▶ What is needed:
Among the records below, find the line with "1.5 Inch Medium" and the line with "Champagne Gold Floral". Set down both and every line between, exactly and with no pictures, but nothing else.

++++++++

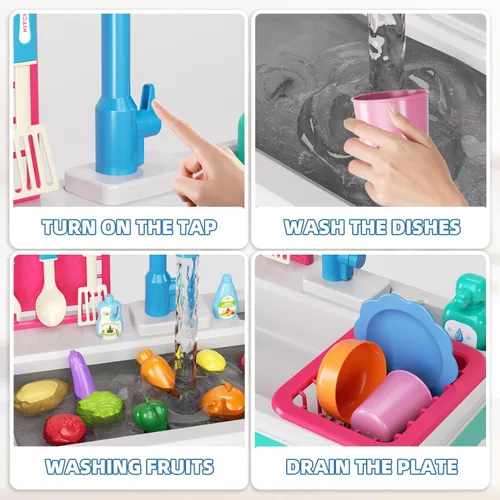 Miniatura 5 de Doloowee - Juguetes de fregadero de cocina con cambio de color, juguete de lavavajillas eléctrico para jugar con agua corriente para niños de 3 a 5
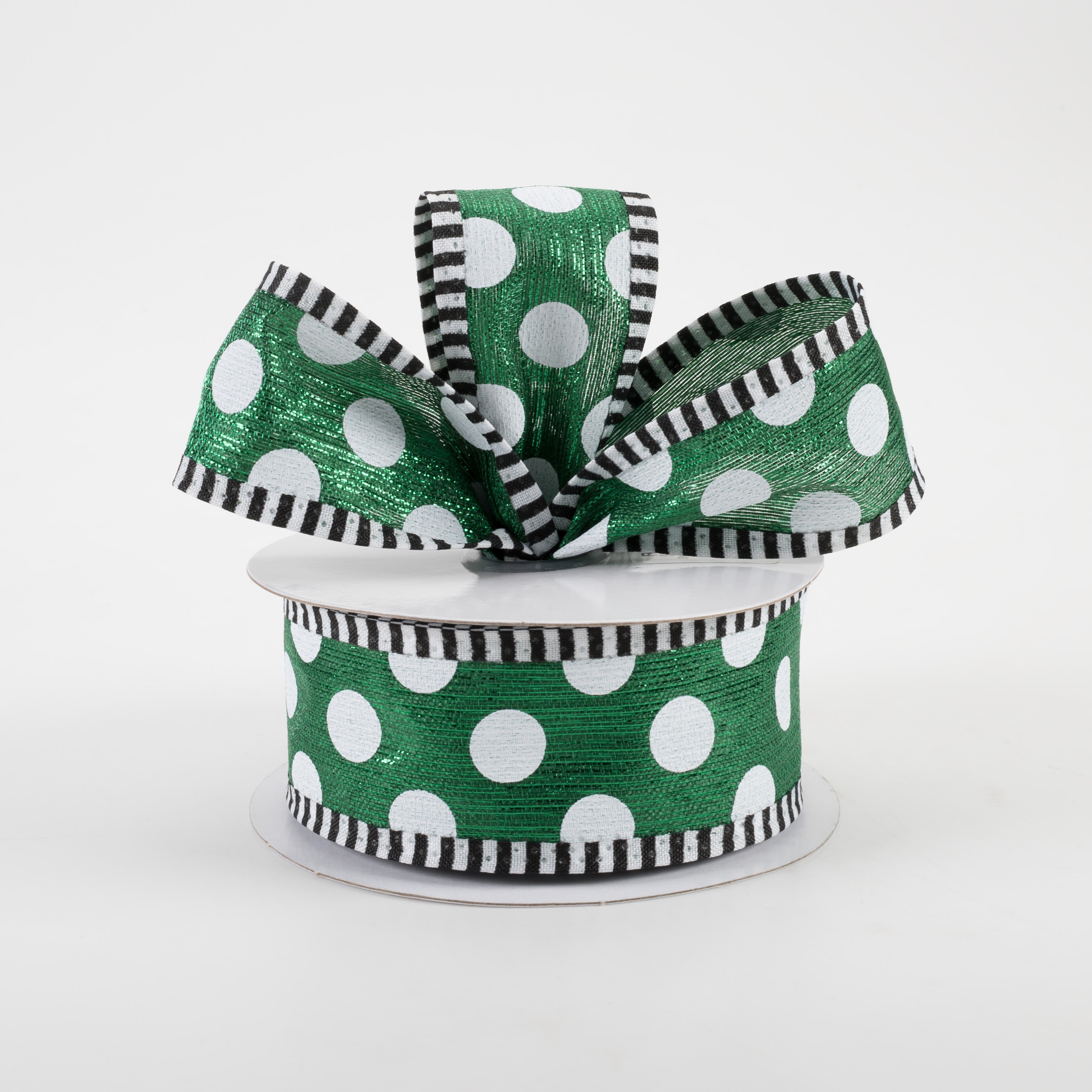 1.5 Inch Medium Polka Dot Stripe Edge Ribbon - Emerald Green & White (10 Yards) for Gift Wrapping, DIY Crafts, Wedding Decorations and Party Favors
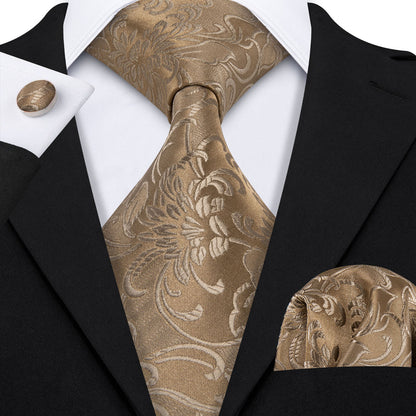 Champagne Gold Floral Silk Tie, Pocket Square & Cufflinks Set tie sets - Sophisticated Gentlemen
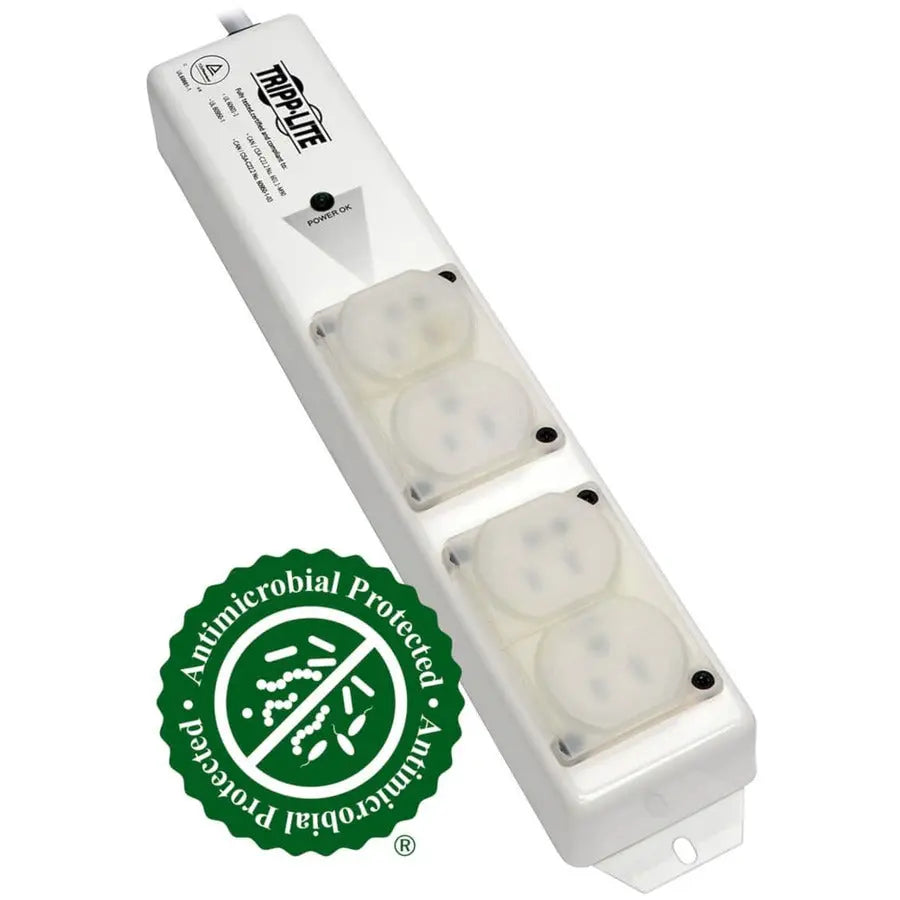 Tripp Lite Safe-IT Power Strip Hospital Medical Antimicrobial 120V 4 Outlet UL60601-1 UL60950-1 Metal - NEMA 5-15P - 4 NEMA 5-15R Hospital Grade - 15ft - PS-415-HGULTRA EATON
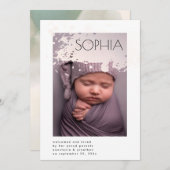 赤面スプラッシュタイトルミニマル生まれたばかりのリストフォト 案内状 (正面/裏面)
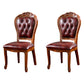 Victorian Armless Dining Chairs Leather Upholstered Side Chairs (Set of 2) Red Clearhalo ' kitchen&dining_furn' 'Dining Chairs' 'Dining Tables & Seating' 'dining_chair' 'furn' 'furn_dining_chair' 'Furniture' 'furniture_dining_chair' 'Kitchen & Dining Furniture' 'kitchen' 4098582
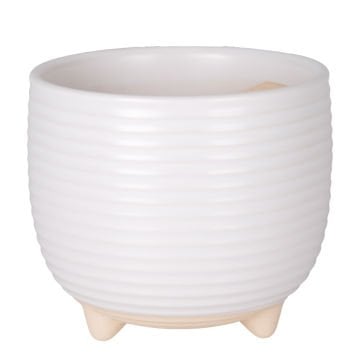 Seramik Saksı Ayaklı Yatay Kabartma Çizgili Beyaz 13x11,5 Cm.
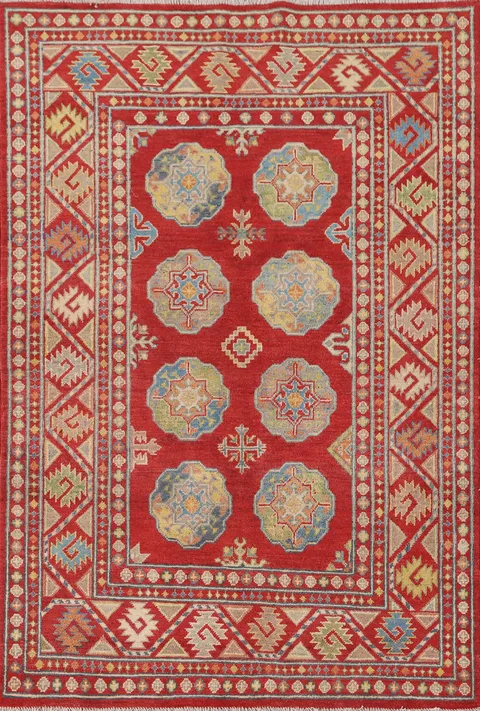 Geometric Kazak Oriental Rug 4x6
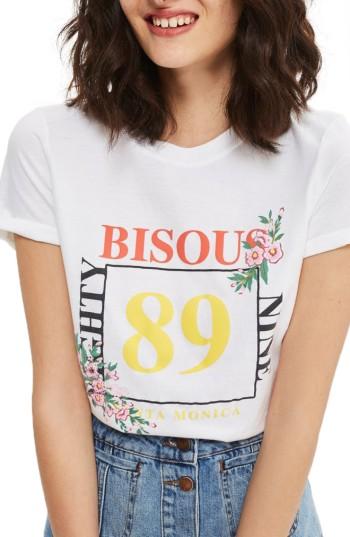 Women's Topshop Bisous Graphic Tee - White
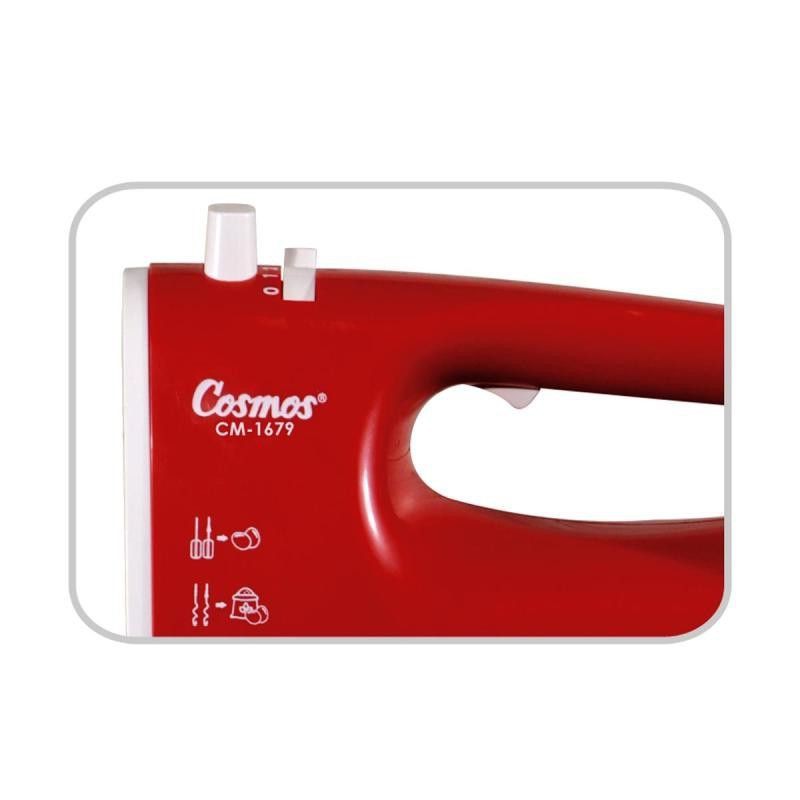 Cosmos Hand Mixer Tenaga Turbo 5 Speed CM1679 Merah 200Watt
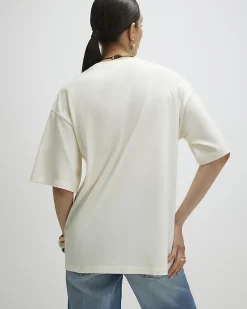 Cream Cotton Palm Broderie T-shirt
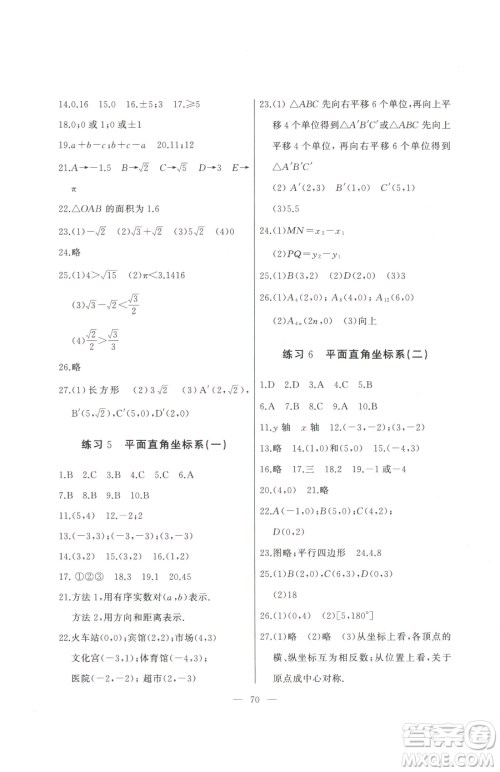 湖北教育出版社2023核心课堂七年级下册数学人教版参考答案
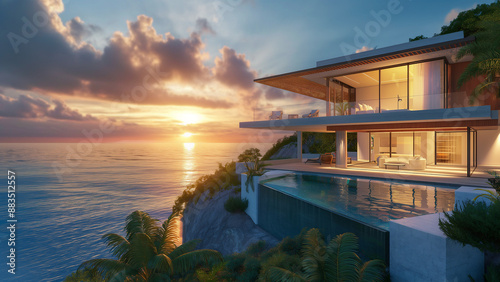 Exterior view of beautiful luxury villa house, ocean, sunset © Villas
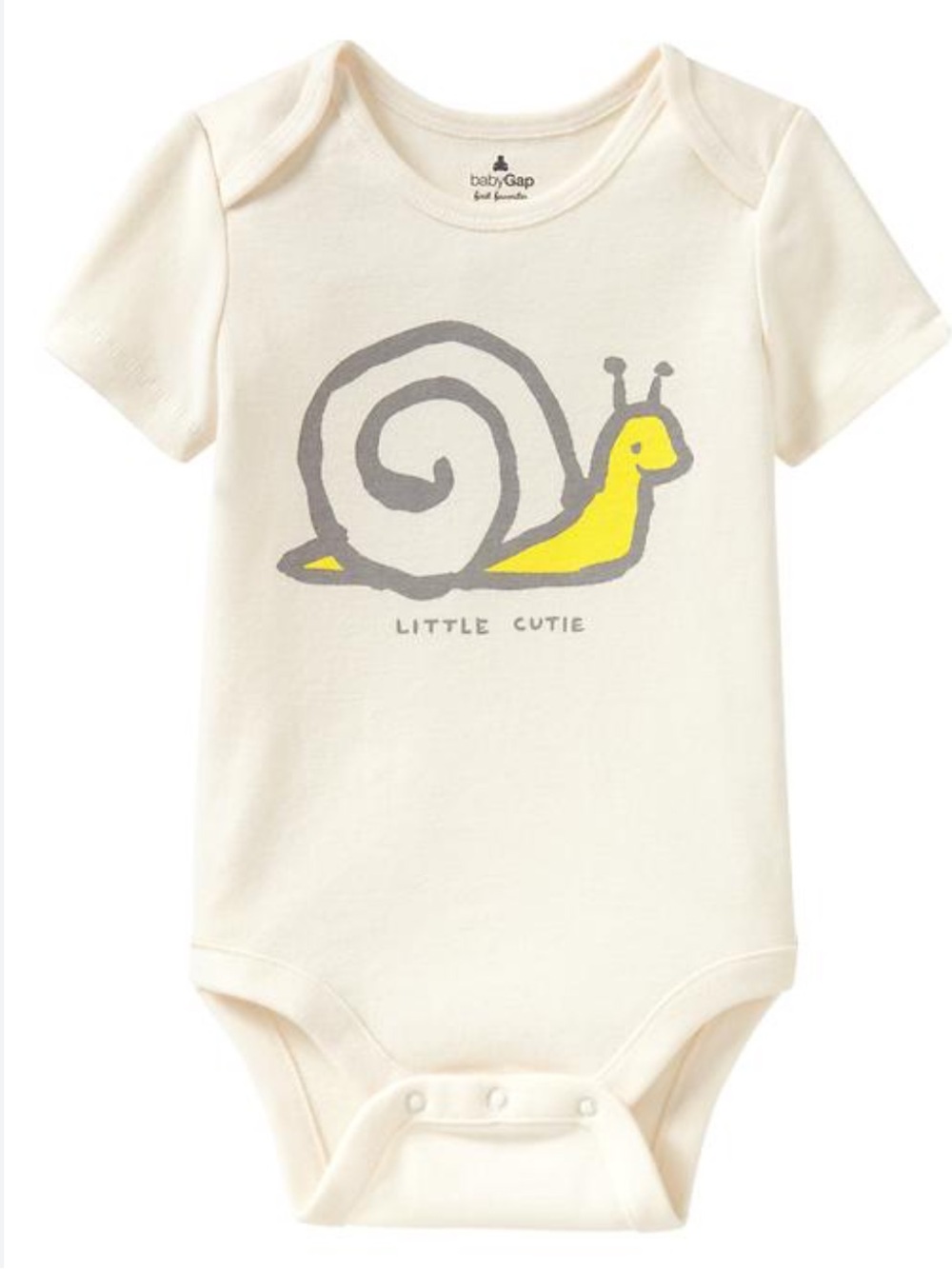 5/$15 Baby Gap Cream Bodysuit - Little Cutie Snail Size 0-3 Months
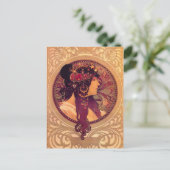 ビザンチンヘッズ：ブルネットアルフォンミュシャ ポストカード (スタンド正面)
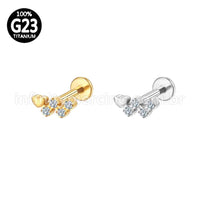 Piercing Labret Titânio 4 Zircônias Redonda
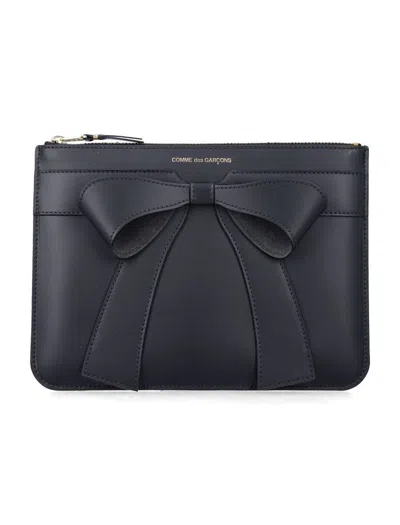 Comme Des Garçons Pouch Big Bow In Black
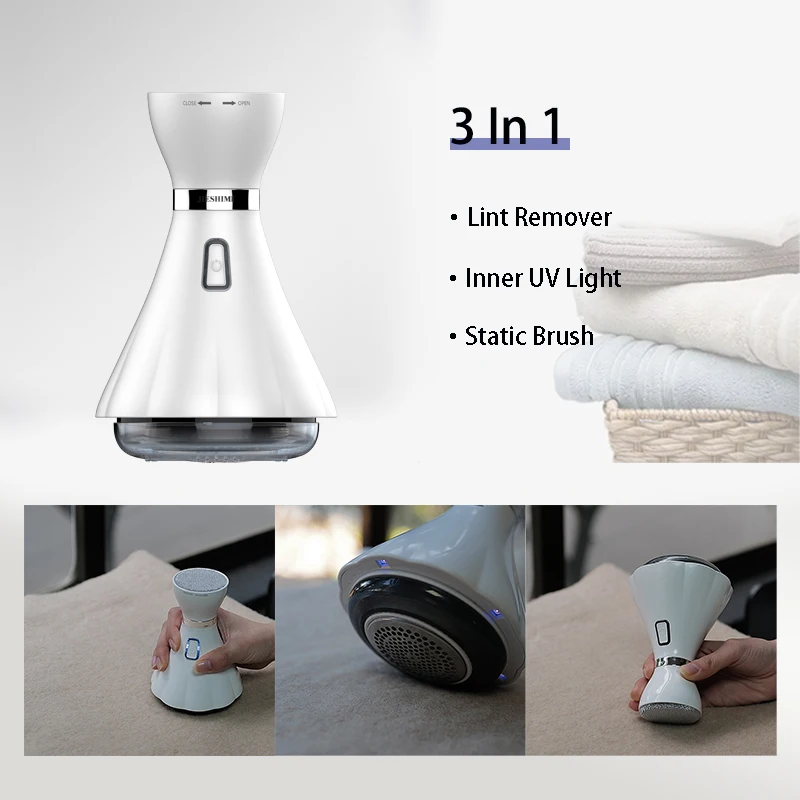 New Invention Clothes Lint Brush Remover UV Light Pill Fuzz 3 In 1 Electric Fabric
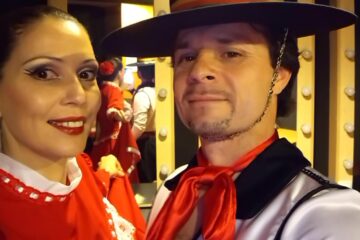 Milton Manica y Gala, Diablos de la Pampa, espectáculo de Brazilian Gaucho de bombos, boleadoras, látigos y lazos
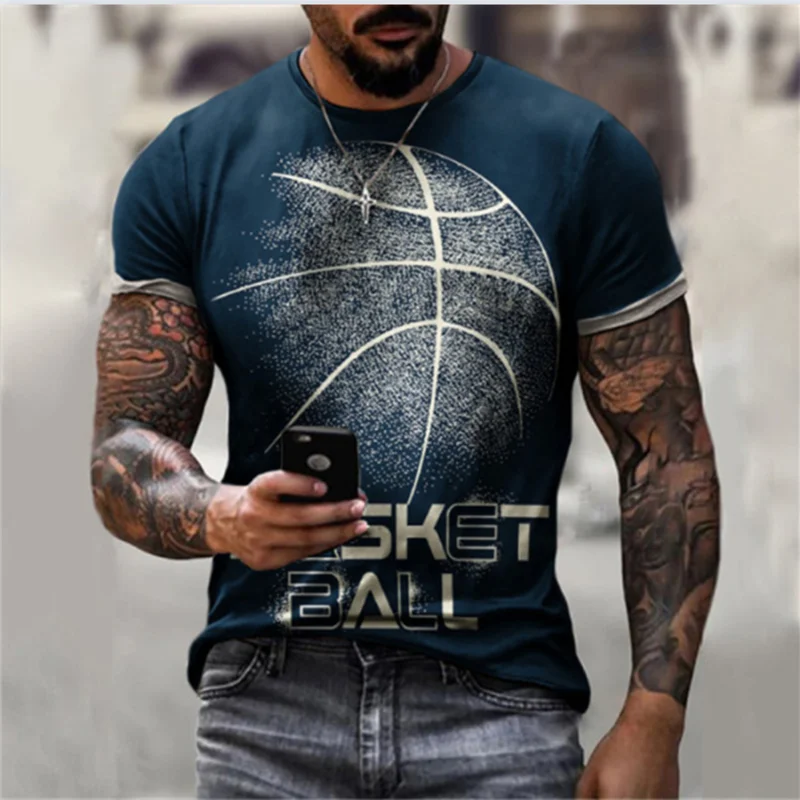 

Camiseta de los hombres camiseta de la impresión 3d de la calle de la moda de gran tamaño con cuello redondo top casual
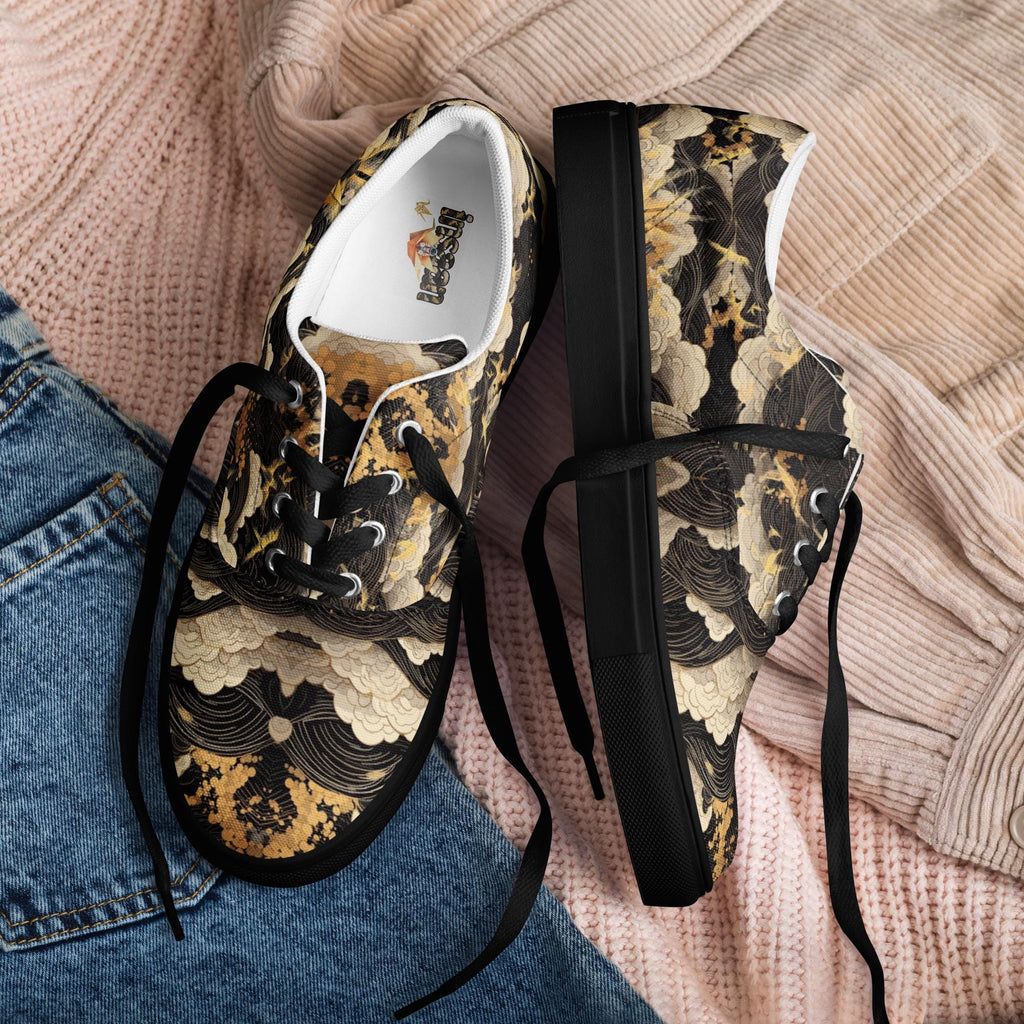 InsaanCadet Black and Gold Canvas Sneakers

++++++++

▶ Exercise result:
 1.5 Inch Medium Polka Dot Stripe Edge Ribbon - Emerald Green & White (10 Yards) for Gift Wrapping, DIY Crafts, Wedding Decorations and Party Favors
 Champagne Gold Floral Silk Tie, Pocket Square & Cufflinks Set tie sets - Sophisticated Gentlemen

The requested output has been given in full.